In this vignette we will explore how to load in data from files and
databases, by either pre-loading the data into memory. Or by loading
data dynamically, during run time. Finally we will also show how to use
the DatabaseDBI
and DatabaseDBC
modules.
Preloading data
From a File
library(DarwinShinyModules)
tempDir <- file.path(tempdir(), "loading_data_example")
dir.create(tempDir, showWarnings = FALSE, recursive = TRUE)
write.csv(iris, file.path(tempDir, "iris.csv"), row.names = FALSE)
write.csv(mtcars, file.path(tempDir, "mtcars.csv"), row.names = FALSE)
data <- read.csv(file.path(tempDir, "iris.csv"))
tableFile <- Table$new(data = data)
if (interactive()) {
preview(tableFile)
}
A database using DBI
library(DBI)
library(duckdb)
library(dplyr)
driver <- duckdb::duckdb(
dbdir = file.path(tempDir, "database.duckdb")
)
con <- DBI::dbConnect(
drv = driver
)
DBI::dbWriteTable(
conn = con,
name = "iris",
value = iris,
overwrite = TRUE
)
DBI::dbWriteTable(
conn = con,
name = "mtcars",
value = mtcars,
overwrite = TRUE
)
iris_db <- dplyr::tbl(src = con, "iris")
data <- iris_db %>%
dplyr::collect()
tableDB <- Table$new(data = data)
if (interactive()) {
preview(tableDB)
}
From a database using DatabaseConnector
library(DatabaseConnector)
connectionDetails <- DatabaseConnector::createConnectionDetails(
dbms = "sqlite",
server = file.path(tempDir, "database.sqlite")
)
connection <- DatabaseConnector::connect(connectionDetails)
DatabaseConnector::insertTable(
connection = connection,
databaseSchema = "main",
tableName = "iris",
data = iris
)
DatabaseConnector::insertTable(
connection = connection,
databaseSchema = "main",
tableName = "mtcars",
data = mtcars
)
data <- DatabaseConnector::renderTranslateQuerySql(
connection = connection,
sql = "SELECT * FROM iris;"
)
DatabaseConnector::disconnect(connection)
tableDBC <- Table$new(data)
if (interactive()) {
preview(tableDBC)
}
Using a database in your module
You can dynamically load data from files or a database in your own
module.

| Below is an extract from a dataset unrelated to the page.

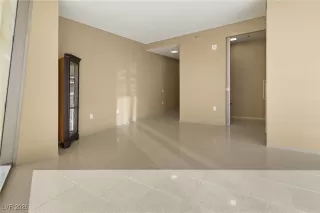 Photo #2: 2753509 Listing 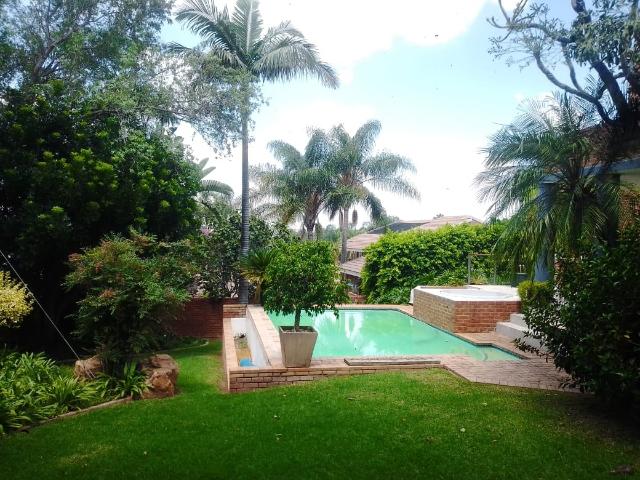 4 Bedroom House For Sale in Moreleta Park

The loaded data can then be used in regular
DarwinShinyModule
modules.
The following examples show how to dynamically load from:
- CSV-files
- A database using
DBI
while maintaining the database connection - A database using
DatabaseConnector
, while managing the connection in run time.
From csv-files
TablesFromFile <- R6::R6Class(
classname = "TablesFromFile",
inherit = ShinyModule,
public = list(
initialize = function(filePath) {
private$.filePath <- filePath
# initialize the `Table` module with an empty data.frame
private$.table <- Table$new(data = data.frame())
private$.table$parentNamespace <- self$namespace
}
),
private = list(
## Fields
.filePath = "",
.table = NULL,
## Methods
.UI = function() {
shiny::tagList(
# Select input to get csv-files from `tempDir`
shiny::selectInput(
inputId = shiny::NS(self$namespace, "file"),
label = "File",
# Get csv-file names for `tempDir`
choices = private$getCsvFiles()
),
private$.table$UI()
)
},
.server = function(input, output, session) {
private$.table$server(input, output, session)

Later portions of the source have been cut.